IGC to step back to its core business

THE BALTIMORE SUN

Three decades in the business had taught James J. Wilson about real estate cycles -- sharp spurts of growth followed by steep plunges.

He was determined to avoid those, if possible, for his company, Interstate General Co. Ltd. Partnership. And the secret, Mr. Wilson concluded, lay in diversity.

So much so, that he has worked tirelessly to transform the St. Charles-based real estate apartment investor, homebuilder and community developer into such diverse businesses as horse racing and waste conversion.

Unfortunately for the publicly traded IGC, potential investors either didn't agree with or simply failed to recognize the diversity in light of the company's real estate activities, which include a 9,100-acre planned community in Charles County and a similar, but smaller, 435-acre effort in Puerto Rico.

"The picture as a whole was in some ways too complicated for most analysts and the investing public to understand," said Ray Swanson, a stockbroker with Scott & Stringfellow in North Carolina, who follows IGC.

Whether complicated or not, the unique diversity has contributed in part to IGC's stagnant per-share stock price of $7, nearly eight years after debuting at $9.50.

The price wouldn't be so vexing were it not for the company's clear success in at least one element of its diversity -- the horse racing industry, which it entered in 1989 when a subsidiary bought the El Comandante race track in Puerto Rico for $68 million.

Since then, the appraised value of the track has more than doubled to $124.3 million, thanks in part to IGC's creation of a 610-strong electronic off-track betting system that has increased Comandante's handle -- the amount bet on races -- by a compound annual rate of 22 percent, to roughly $275.5 million last year.

But instead of ranting over market forces beyond its control, IGC intends to spin off its racing interests into a new publicly traded partnership known as Equus Gaming Co. L.P. early next month.

IGC believes ponying up the racing division to the Nasdaq stock market is the best way to generate a true value for current shareholders that is unattainable as long as it remains harnessed in the company's stable.

Under the plan, existing IGC unit holders will receive one Equus unit for every two IGC units held on Feb. 6.

Although IGC declined to predict Equus' trading price, shares are expected to trade between $5 and $7, according to industry stock averages and stockbrokers who follow the company.

The company's frustration is understandable. Normally real estate companies are criticized by Wall Street for not having enough diversity, because common market logic and history dictate that diversity serves as a shield to the cyclical nature of the real estate business.

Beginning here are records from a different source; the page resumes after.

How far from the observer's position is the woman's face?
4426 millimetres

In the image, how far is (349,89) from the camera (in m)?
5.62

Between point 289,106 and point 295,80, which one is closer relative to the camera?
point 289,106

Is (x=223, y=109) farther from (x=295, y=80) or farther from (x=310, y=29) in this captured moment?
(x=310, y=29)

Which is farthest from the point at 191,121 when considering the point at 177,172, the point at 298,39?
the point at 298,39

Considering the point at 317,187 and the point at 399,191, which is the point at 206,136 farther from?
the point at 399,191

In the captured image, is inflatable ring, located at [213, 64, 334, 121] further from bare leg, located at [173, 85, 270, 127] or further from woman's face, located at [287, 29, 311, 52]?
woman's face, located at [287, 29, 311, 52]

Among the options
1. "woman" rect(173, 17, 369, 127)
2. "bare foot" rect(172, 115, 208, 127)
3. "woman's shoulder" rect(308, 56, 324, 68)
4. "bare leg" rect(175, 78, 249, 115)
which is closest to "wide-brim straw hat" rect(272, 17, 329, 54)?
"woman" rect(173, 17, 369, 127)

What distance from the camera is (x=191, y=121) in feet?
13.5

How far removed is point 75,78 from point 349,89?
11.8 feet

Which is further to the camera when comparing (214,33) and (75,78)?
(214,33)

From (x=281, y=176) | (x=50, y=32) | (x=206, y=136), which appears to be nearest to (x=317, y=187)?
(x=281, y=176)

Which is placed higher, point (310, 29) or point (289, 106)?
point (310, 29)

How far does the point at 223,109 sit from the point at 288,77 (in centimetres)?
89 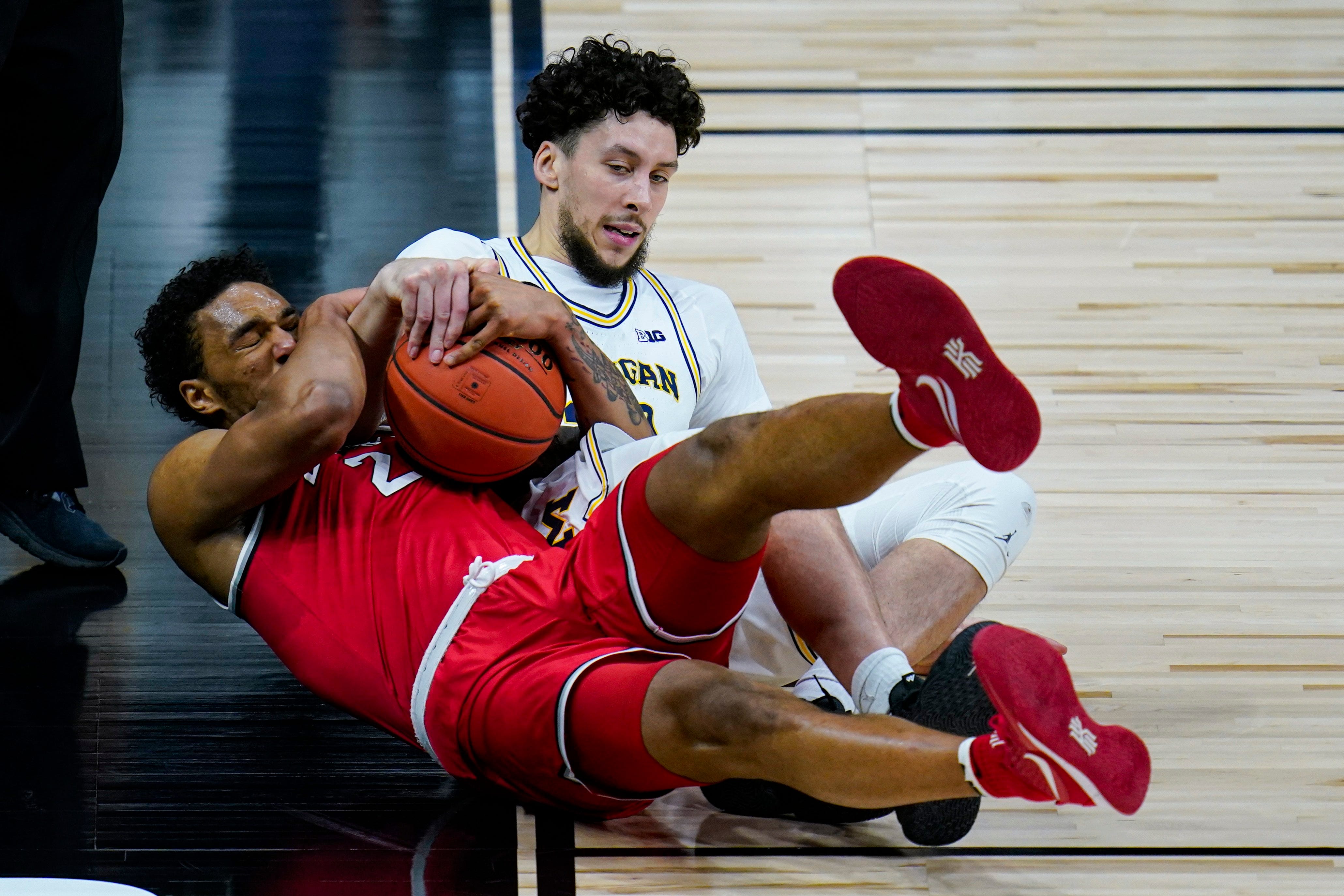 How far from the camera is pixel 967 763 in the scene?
1.73m

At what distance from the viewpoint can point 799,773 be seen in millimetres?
1880

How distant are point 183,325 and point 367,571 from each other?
0.64 metres

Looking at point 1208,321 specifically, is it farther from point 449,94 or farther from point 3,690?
point 3,690

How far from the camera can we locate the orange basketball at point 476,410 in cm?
241

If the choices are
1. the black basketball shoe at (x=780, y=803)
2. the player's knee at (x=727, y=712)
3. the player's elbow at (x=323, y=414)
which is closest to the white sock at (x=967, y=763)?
the player's knee at (x=727, y=712)

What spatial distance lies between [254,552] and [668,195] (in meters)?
2.31

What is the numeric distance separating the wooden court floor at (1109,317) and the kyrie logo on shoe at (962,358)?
33.0 inches

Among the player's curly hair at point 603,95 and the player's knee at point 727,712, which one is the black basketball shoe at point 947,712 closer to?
the player's knee at point 727,712

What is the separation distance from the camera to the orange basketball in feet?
7.89

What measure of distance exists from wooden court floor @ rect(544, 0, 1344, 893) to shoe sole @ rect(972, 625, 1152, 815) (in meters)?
0.54

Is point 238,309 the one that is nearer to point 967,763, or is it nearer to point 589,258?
point 589,258

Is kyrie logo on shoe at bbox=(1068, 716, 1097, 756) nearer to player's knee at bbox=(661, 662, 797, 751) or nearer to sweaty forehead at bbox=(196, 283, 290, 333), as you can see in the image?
player's knee at bbox=(661, 662, 797, 751)

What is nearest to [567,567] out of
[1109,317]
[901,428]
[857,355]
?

"From an analytical perspective, we expect the Equus distribution to greatly benefit shareholders," said Gregory G. Kreizenbeck, IGC's president and chief operating officer since March 1994.

"Years ago, conglomerates with different operations were admired, and the parts were recognized by the market at different multiples. It doesn't seem to be that way now, however."

With the racing concern spun off, IGC intends to refocus efforts on its real estate activities, which range from owning and managing 31 apartment complexes and developing St. Charles to running residential building division American Family Homes Inc. and developing 431 acres outside San Juan known as Parque Escorial.

"Real estate is really our core business, and will continue to be," Mr. Kreizenbeck said.

"Whereas we had been diversified through racing and waste technology, our diversity going forward will be geographical."

St. Charles, for instance, is roughly 50 percent completed and has a current population of 35,000 residents.

Businesses there employ 6,500 in both full- and part-time jobs. Upon its expected completion in 2020, the Charles County community is slated to have in excess of 80,000 residents and generate 14,000 jobs.

IGC began developing St. Charles in 1968, after Mr. Wilson purchased the land from Congressman Frank W. Boykin, of Alabama, and borrowed $24 million from the federal government. The loans were repaid in 1983.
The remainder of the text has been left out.